All educational decisions will be made by the software and the system. Teachers will just be needed as a sort of stewardess. We will teacher-proof the classroom, so that any nasty individuality cannot mess up the system.

Personalized learning won't be

Pearson's concept of personalized learning is really about personalized pacing. The framework for learning starts with "validated maps of the sequence in which students typically learn a given curriculum outcome." So-- like railroad tracks. Personalized does not mean wandering all over a variety of possible learning paths. It means adjusting to move slower or faster while pausing for review when there's a need to fill in holes.

Pearson does not offer an answer to the age-old question, "How do all students move at their own paces but still cross the finish line in time?"  They do suggest that we give up the old age-grade progression, and they believe that high expectations fix everything, but they do not directly explain if that's enough to keep some students from being stuck in school until they're twenty-nine years old.

Character may be important, but humanity, not so much

One of the odd disconnects in Pearson's vision is that they value (enough to plan measuring) social skills and character, but they do not pause to consider how their system might affect or be affected by the development of these qualities.

What does it do to the development of a child to be in groups that change regularly because of differing educational pace. What will happen when an eight year old must leave her best friend behind because she is being moved up? What will happen to the very bright twelve-year-old grouped with a bunch of fairly slow seventeen-year-olds?

Pearson lists a wide variety of possible obstacles to this system's emergence, but they assume that students will simply fall in line and take the system seriously, feeling some sort of accountability to the device screen that delivers their instruction and assessment. Teachers no longer automatically receive the trust and respect of our students--we have to earn it. Pearson assumes that because they think they're important, students will, too. That's a bad assumption.

Software will be magical

Pearson knows that trying to test any higher levels of cognition with bubble test questions is doomed to failure. Their solution is magical software. Software can ask questions that will delve deep, and software can read and assess the answers to open-ended essay questions. Software can suss out a student's intelligence so well that it can then create more test items that will be perfect for that student. Software can unerringly crunch all the data to create a perfect profile of the student. Software can do all of these things better than live human beings (even though software is written by live human beings).
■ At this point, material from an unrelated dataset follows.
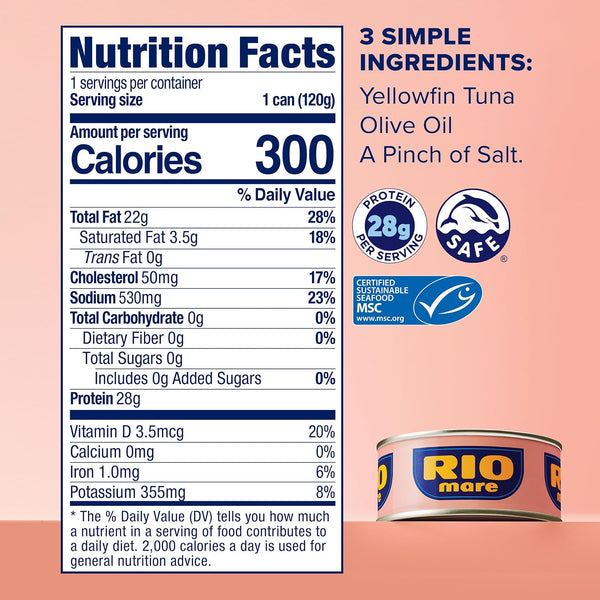 Nutrition facts label for RIO more Yellowfin Tuna Olive Oil on a peach background, alongside product ingredients and a can of yellowfin tuna.
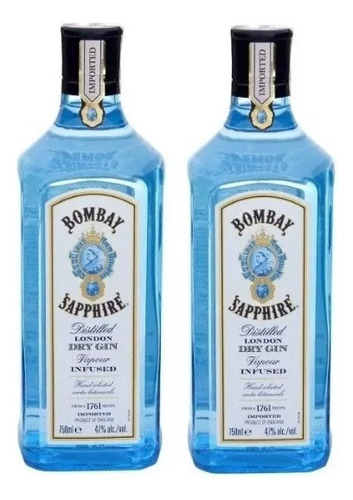 Gin Bombay Sapphire Dry London 750ml - Original Kit Com 2 Un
And if you believe all that, I would like to sell you some software that controls the Brooklyn Bridge.


Important people are listening to these guys

You cannot read a page of this essay without encountering familiar references. New tests that move beyond the old bubble tests. High expectations can bring all students up to excellence. Enhanced data collection will lead to better learning. The job of teaching needs to be changed. We've heard it all from various bureaucrats, reformster leaders, and US Secretaries of Education.
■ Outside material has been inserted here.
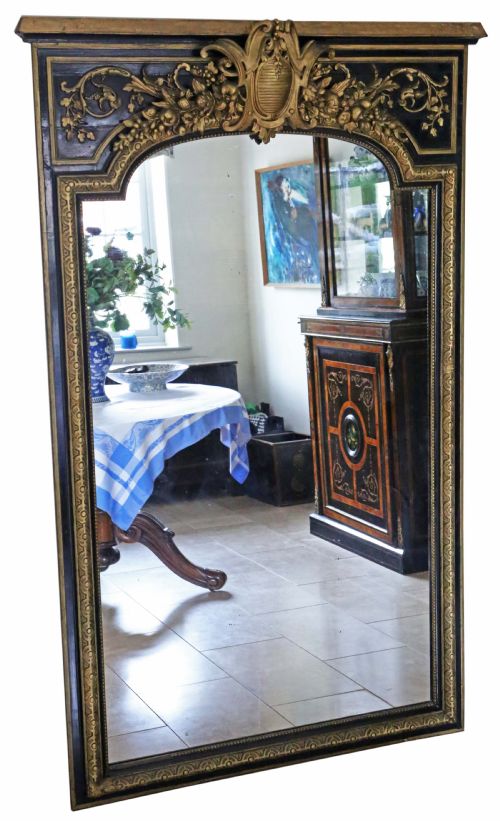 Antique 19th Century Very Large Quality Ebonised and Gilt Overmantle Wall Mirror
Important people pay attention to Pearson, even though most of their ideas are rather dumb and self-serving. We all need to be paying attention to Pearson as well, because back behind the Gatesian money and the policies of Arne Duncan we find these guys, generating and articulating the ideas that become foundational to the reformsters.

It would be easy to dismiss Pearson as simple money-grubbing corporatists, to lump them together with the goofy amateurism of a Duncan or a Coleman. But they are rich, they are polished, they are powerful, and they are, I believe, driven. I have never read work by Michael Barber in which he does not note that changing the global face of education is a moral imperative, a job that he must do because he knows what must be done to improve mankind. For me, that takes this all to a new level of scary.